River derrotó por 2 a 0 a Palmeiras, que igual accedió a la Final de la Copa Libertadores. Robert Rojas (luego se fue expulsado) y Rafael Santos Borré marcaron para el Millonario.
River jugó un partido fabuloso y estuvo al borde de la noche épica que vaticinó Gallardo, pero le faltó un gol. Como dijo Jorge Valdano alguna vez, tanto nadar para ahogarse en la orilla.
Tras la goleada recibida en Avellaneda y la derrota ante Independiente, llegaba golpeado el equipo de Gallardo. Los pronósticos no eran alentadores y para dar vuelta esta serie, necesitaba un partido sin fisuras, siendo practico y efectivo. Resumiendo, un partido perfecto.
Y así jugó el primer tiempo. Con los mismos 10 que en la ida más Paulo Díaz, borró de la cancha a un tibio Palmeiras que salió confiado por la ventaja y casi que a ver qué pasaba. La visita se hizo fuerte desde la tenencia, no se desprotegió atrás y empezó a llegar con peligro.

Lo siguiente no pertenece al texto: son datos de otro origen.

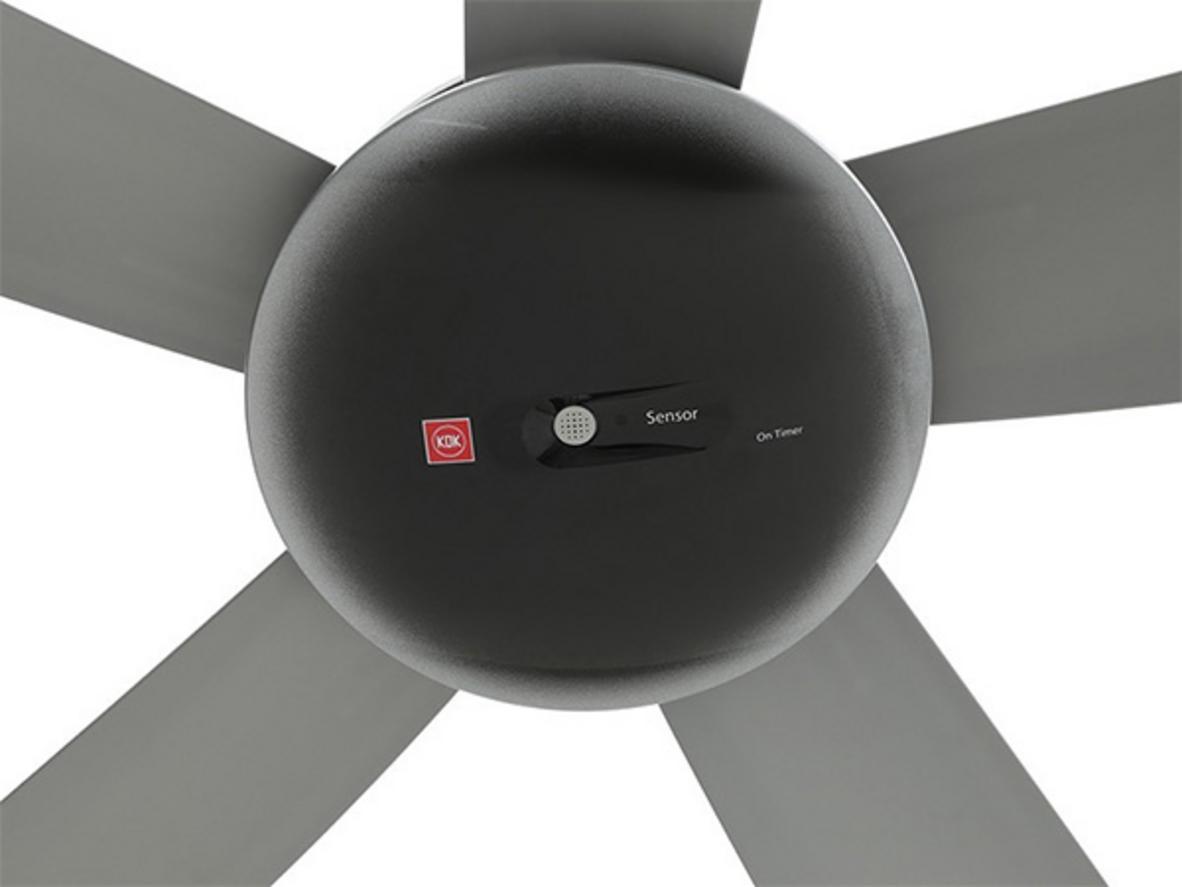 9 cấp độ gió và 1/f Yuragi cho cảm giác mát dễ chịu.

Anticiparon lo que iba a llegar más tarde primero Borró y Nacho; Palmeiras no reaccionaba y al final no resistió.
Gran centro de De La Cruz y cabezazo goleador de Rojas para poner el 1-0, muy parecido a aquel de Maidana contra Cruzeiro en el 2015.
Tras el gol, el local sintió el impacto. Se le apagaron todas las luces y el segundo parecía estar al caer, y así fue.

De un lateral de Montiel, De La Cruz tiró el centro, Suárez dio el pase al medio y Borré la empujó de cabeza, en un momento muy delicado, a los 44 minutos.
Palmeiras era un mar de dudas, totalmente fuera del partido, haciendo tiempo desde el minuto 0.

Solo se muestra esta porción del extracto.